Wilmot Wood Brookings (October 23, 1830 – June 13, 1905) was an American pioneer, frontier judge, and early South Dakotan politician. He was provisional governor of the Dakota Territory, and both the cities of Wilmot and Brookings as well as the county of Brookings, South Dakota are named for him.

==Early life==
Brookings was born on October 23, 1830, in Woolwich, Maine, to Abner and Susannah Bayley Brookings. (The 1860 Dakota Territory census lists his birthplace, possibly incorrectly, as North Carolina). Brookings attended Bowdoin College in Brunswick, Maine, graduating in 1855. He married Clara Carney of Dresden, Maine, and went on to teach at Litchfield, North Anson, and Wiscasset before being admitted to the bar in May 1857.

==Dakota Territory==
Brookings moved to Sioux Falls, Minnesota Territory on August 27, 1857, where he helped pioneers organize a county government (Minnehaha County). The county appointed him district attorney.

In February 1858, Brookings rode a horse from Sioux Falls to the Yankton area during a blizzard. His horse slipped and fell into Split Rock Creek in the freezing weather. Brookings made it safely to Yankton, but his wet legs had suffered such severe frostbite they both needed to be amputated. He spent the rest of his life using a pair of squeaky, wooden legs that caused him discomfort and sometimes made walking difficult.

===Provisional governor===
When Minnesota was admitted to the union in 1858, Sioux Falls became part of the newly forming Dakota Territory. Though Dakota Territory did not officially form until 1861, an interim provisional government formed in January 1859 and elected Brookings to the upper house of the interim territorial legislature. That legislative body later appointed Brookings Governor of Dakota Territory. However, the federal government refused to acknowledge either the provisional government or its territorial governor (his term lasted until March 2, 1861) as official. When the region finally did become an organized territory in 1861, Brookings was elected to the Territory Council for two years and later served three straight terms as a representative from Yankton County. In 1864 he served as territory speaker of the house and was appointed superintendent of the U.S. Military Wagon Road from Minnesota to Montana in 1865.

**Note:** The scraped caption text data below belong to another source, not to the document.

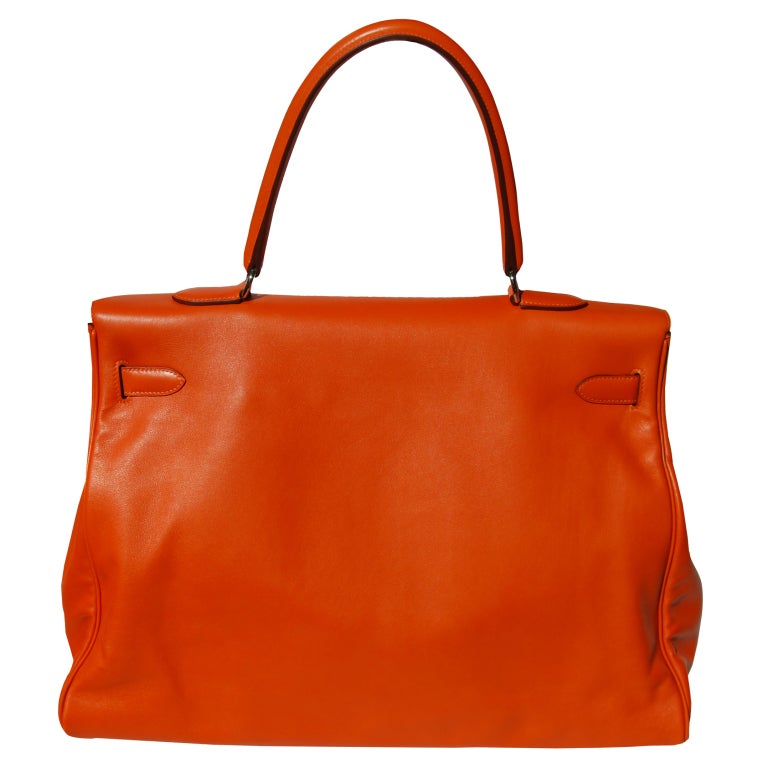 Createurs de Luxe, reseller of Hermes Handbags offers this new 50cm Hermes Orange Sikkim Relax Leather Kelly Handbag with palladium hardware!

Who says you have to be Kim Kardashian to get this bag to strut your stuff!!!

50cm Hermes Orange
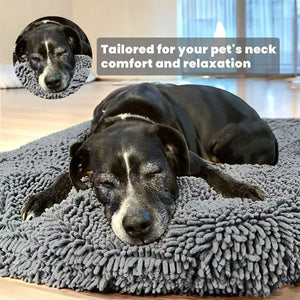 Deep looped chenille surface of a round pet bed with a soft raised edge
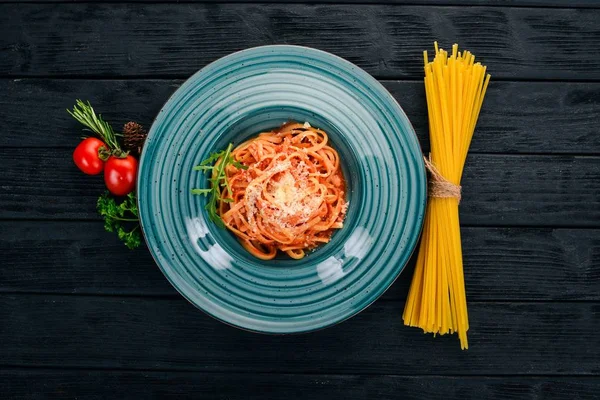 Domatesli makarna makarna. Ahşap bir arka plan üzerinde. İtalyan mutfağı. Üstten Görünüm. Kopya alanı.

===Later political career===
After the assassination of Abraham Lincoln, territory Republicans opposing Lincoln's Democratic successor Andrew Johnson nominated Brookings as their congressional delegate, on an anti-Johnson platform. Brookings lost to fellow Republican Walter A. Burleigh.

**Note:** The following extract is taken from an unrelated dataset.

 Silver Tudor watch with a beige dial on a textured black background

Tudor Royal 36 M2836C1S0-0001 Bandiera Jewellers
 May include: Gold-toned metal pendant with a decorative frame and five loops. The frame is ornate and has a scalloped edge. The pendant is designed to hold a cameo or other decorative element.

Brookings served on the Territorial Council from 1867 to 1869, including a stint as council president in 1868. He also served as district attorney for Yankton County from 1867 to 1868. In 1869 President Ulysses S. Grant appointed him associate justice of the Supreme Court of the Dakota Territory. Brookings served in this capacity through 1873. Between 1883 and 1885 he worked as a member of South Dakota's constitutional convention.

On July 3, 1871, Brookings County was formally organized and named after him. The city of Brookings, South Dakota was also named for him, though he only ever visited the town twice. In 1871 Brookings helped organize the Dakota Southern Railroad, and spent the next ten years serving as an executive for the railroads that would eventually become part of Chicago, Milwaukee, St. Paul and Pacific Railroad. Brookings was among the first to ride a locomotive into Dakota Territory when the first Dakota Southern train entered the region on October 1, 1872.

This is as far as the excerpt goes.